La détermination du point de départ du délai de prescription d’une action en justice constitue évidemment un élément déterminant pour tous dossiers.

Mais la détermination du point de départ de la prescription relève parfois, sinon des sciences divinatoires, mais de subtils ajustements jurisprudentiels.

En témoigne l’hypothèse de la prescription de l’action en résiliation d’un bail rural par le bailleur en raison de manquements du preneur consistant en la cession, puis la sous-location du bien.

La cession et la sous-location du bien pris à bail rural sont des pratiques interdites par les articles L411-31 II et L411-35 du code rural et de la pêche maritime.

Plus encore, il s’agit de prohibitions d’ordre public.

Dans ces conditions, comment déterminer le point de départ du délai de prescription ?

Trois solutions sont envisageables.

Le point de départ peut être fixé, graduellement, du point de départ le plus ancien au plus récent, soit :

  • au moment de de la prise d’effet de la situation litigieuse (soit au moment de conclusion de l’acte de sous-location ou de cession du bail) ;
  • au moment de la connaissance par le bailleur de la situation litigieuse ;
  • au moment de la cessation de la situation litigieuse ;

A l’évidence, la dernière option se trouve être la plus protectrice du bailleur, repoussant au maximum le point de départ du délai de prescription.

C’est précisément la solution que retient la jurisprudence.

Par un arrêt du 1er février 2018, qui reçoit les honneurs du bulletin, la troisième chambre civile se prononce en faveur de la troisième option :

« la prescription n’a pu commencer à courir qu’à compter de la cessation du manquement imputé au preneur et tenant à la cession du bail ou à une sous-location ».

Peu importe donc que le bailleur ait eu connaissance plus tôt de la situation litigieuse, le point de départ est fixé au moment où le manquement prend fin.

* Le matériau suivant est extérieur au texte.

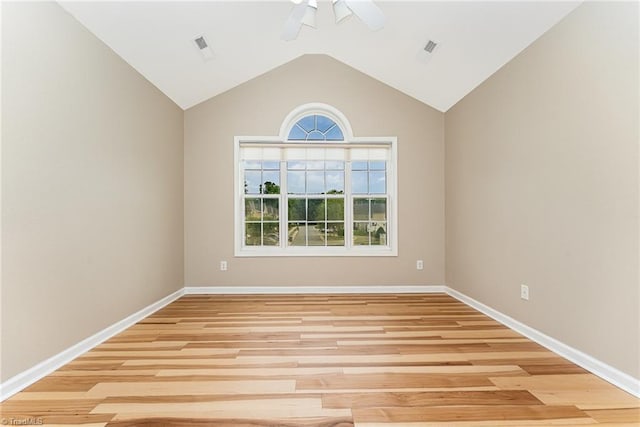 2305 Hartfield Cir, Winston-Salem, NC 27103 - unfurnished room with a ceiling fan, baseboards, wood finished floors, and vaulted ceiling
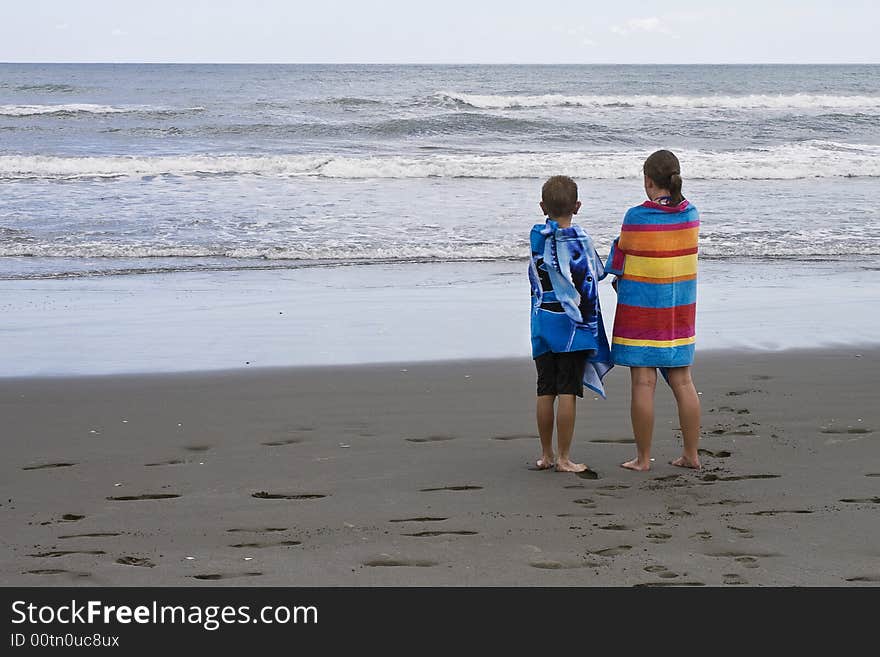 Children looking out to sea wrapped in towels after a swim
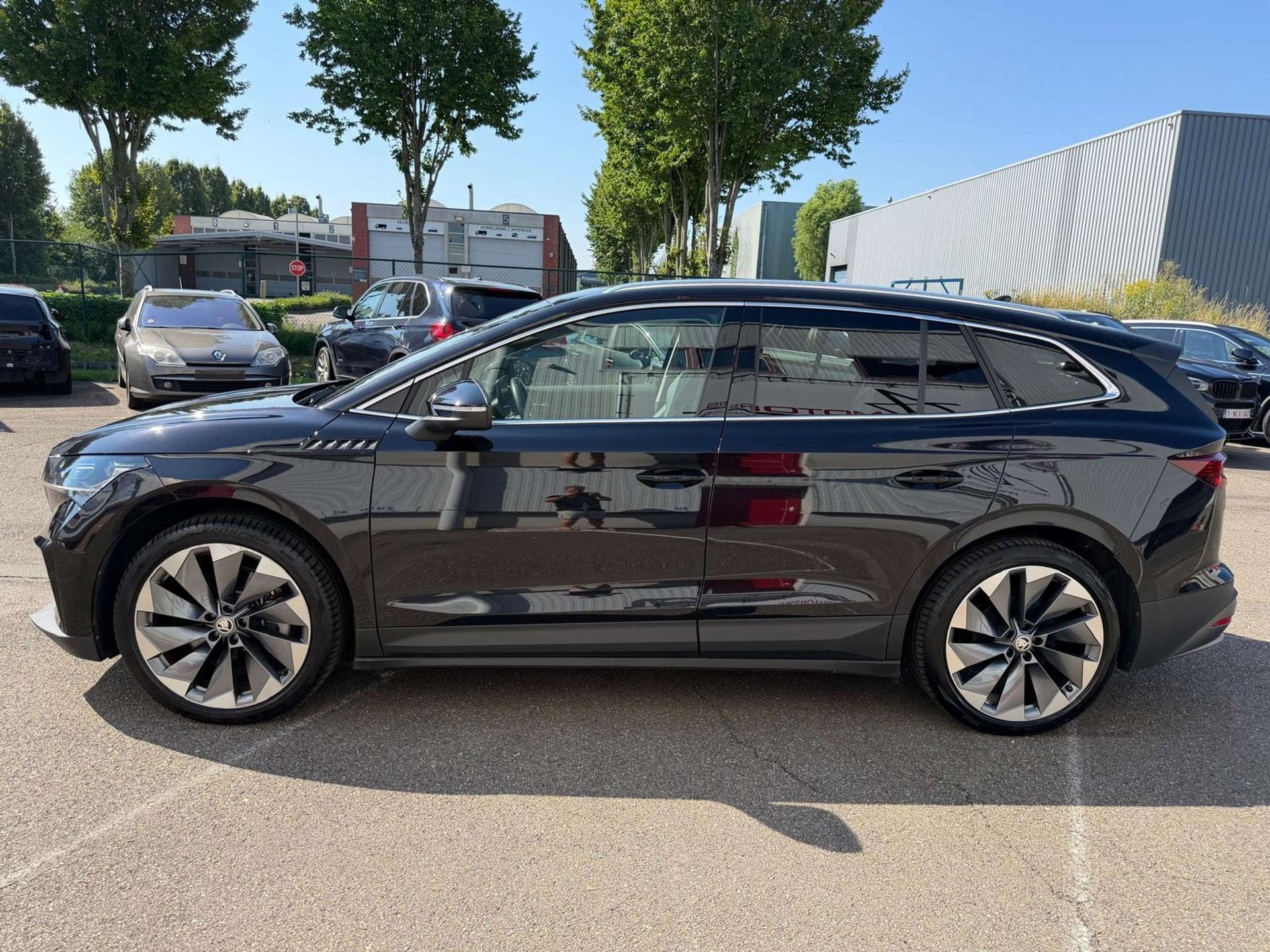 Skoda Enyaq 82kWh Sportline Keyless/Leder/Memory/Trekh/Carpl, Auto's, Automaat, Gebruikt, Parkeersensor, 5 zetels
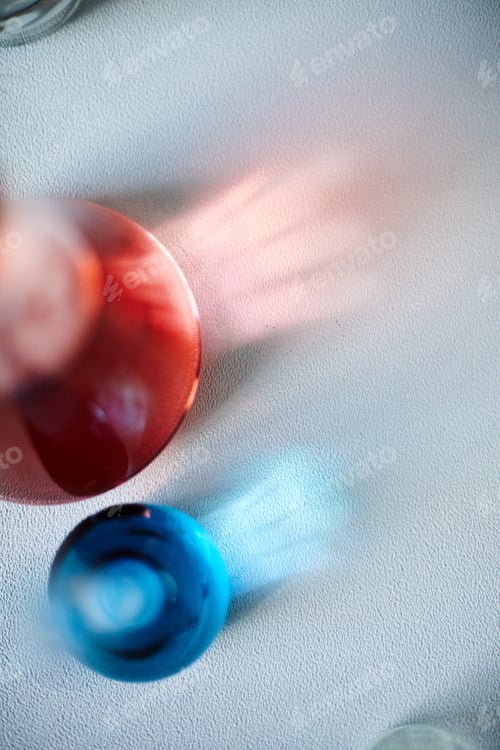 Preview: Top View of Light Reflection through Red and Blue Glass Beakers on Table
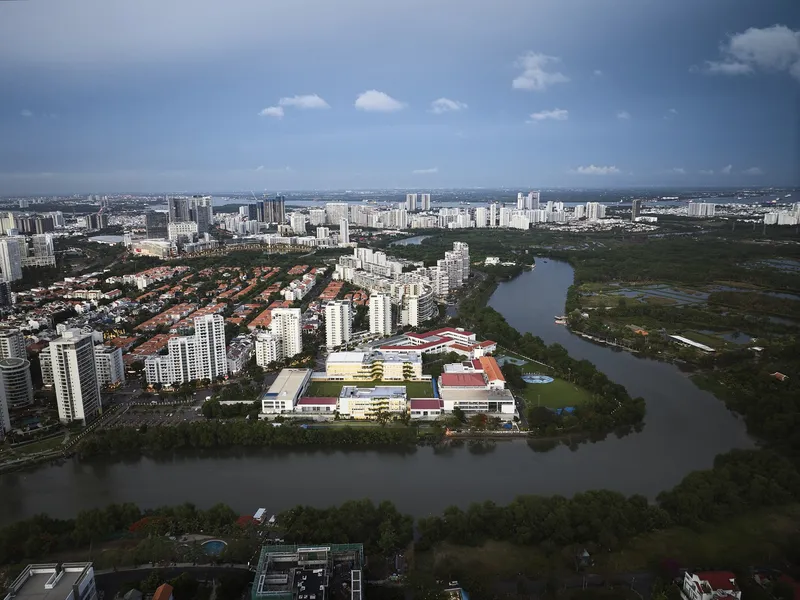 Aerial view of the campus bordered by a winding river and residential towers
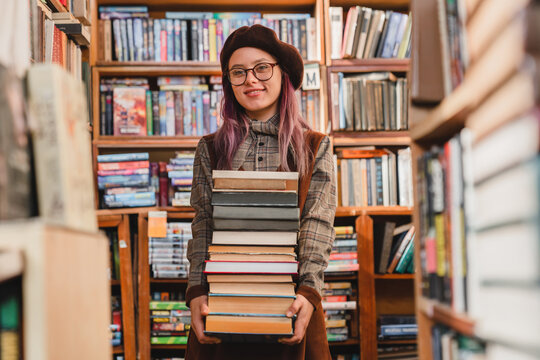 Portrait of a beautiful smart 20s hipster high school girl pupil college student teenager in glasses holding stack of books in university library or bookshop prepare for exam doing home work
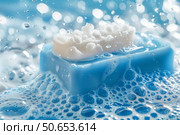 White soap with foam lathering on blue soap bar surrounded by water drops. Стоковое AI-изображение, AI-художник Иван Рябоконь / Фотобанк Лори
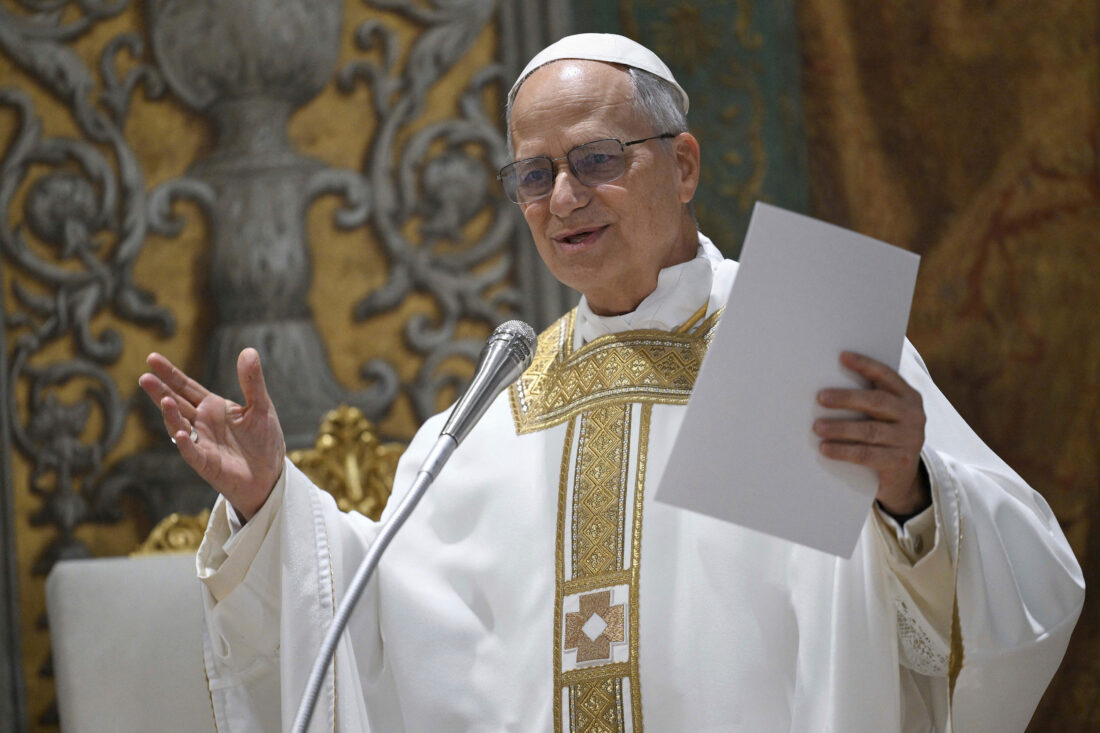 The new pope speaking at a microphone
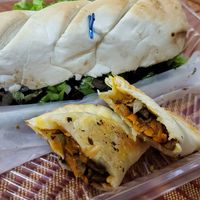 Seiten sandwich and empanada at La Vegana in Buenos Aires
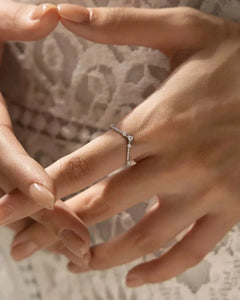 Moissanite crown ring on hand – lifestyle image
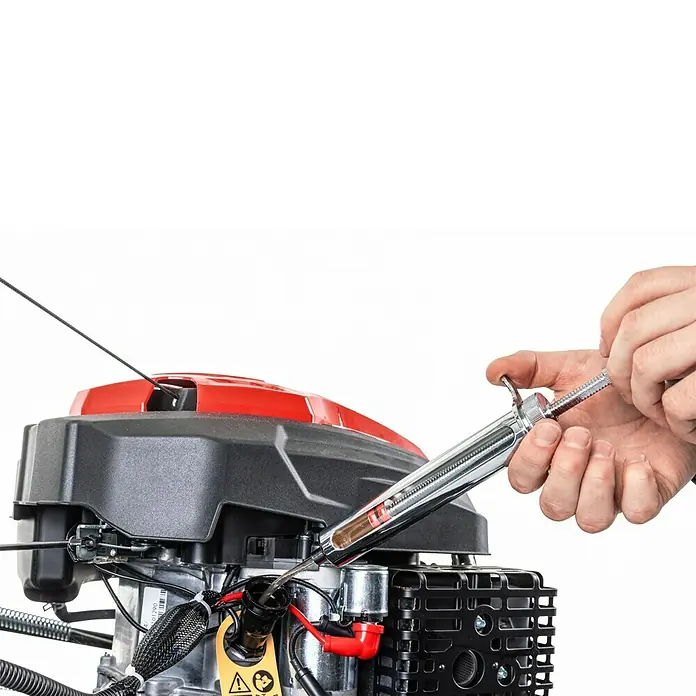 Scheppach Wartungs-Kit für Rasenmäher - 4-Takt-Benzin Geräte, 5 -tlg. - Hand füllt Öl mit einer Metallspritze in einen Kleinmotor mit roter Abdeckung.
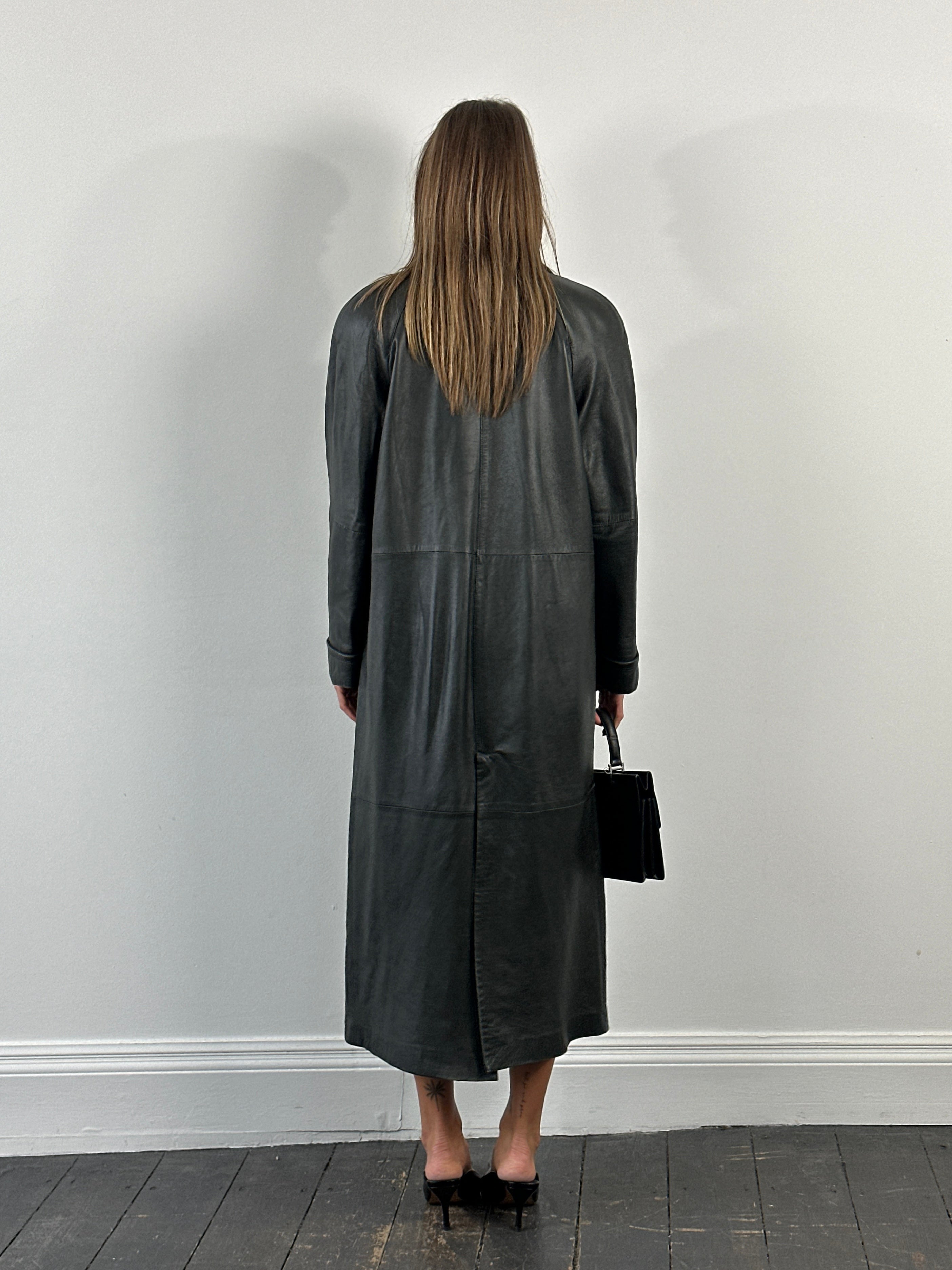 Vintage 1990s leather trench coat jacket in floor length style, showcasing classic design and rich brown leather.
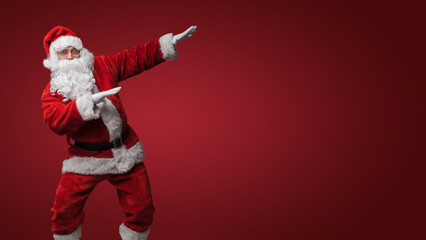 Fototapeta na wymiar Santa Claus dancing, getting into the festive Christmas spirit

Au cas présent, la connaissance de la sous-location ou de la cession  semblait manifeste dans la mesure où le preneur était…décédé !

Pourquoi une telle solution si avantageuse pour le bailleur ?

En raison, bien entendu, du caractère d’ordre public des dispositions prohibant la sous-location et la cession des baux ruraux. Il en va de l’effectivité de ces dispositions : le passage du temps ne saurait rendre licite des situations dont la prohibition est d’ordre public.

Des lors, le droit du bailleur de demander la résiliation du bail peut intervenir à tout moment tant que le manquement contractuel perdure, bien entendu dans la limite de 5 ans à compter de la cessation de la situation illicite.

Référence : Civ. 3, 1er février 2018, n°16-18724, Bull.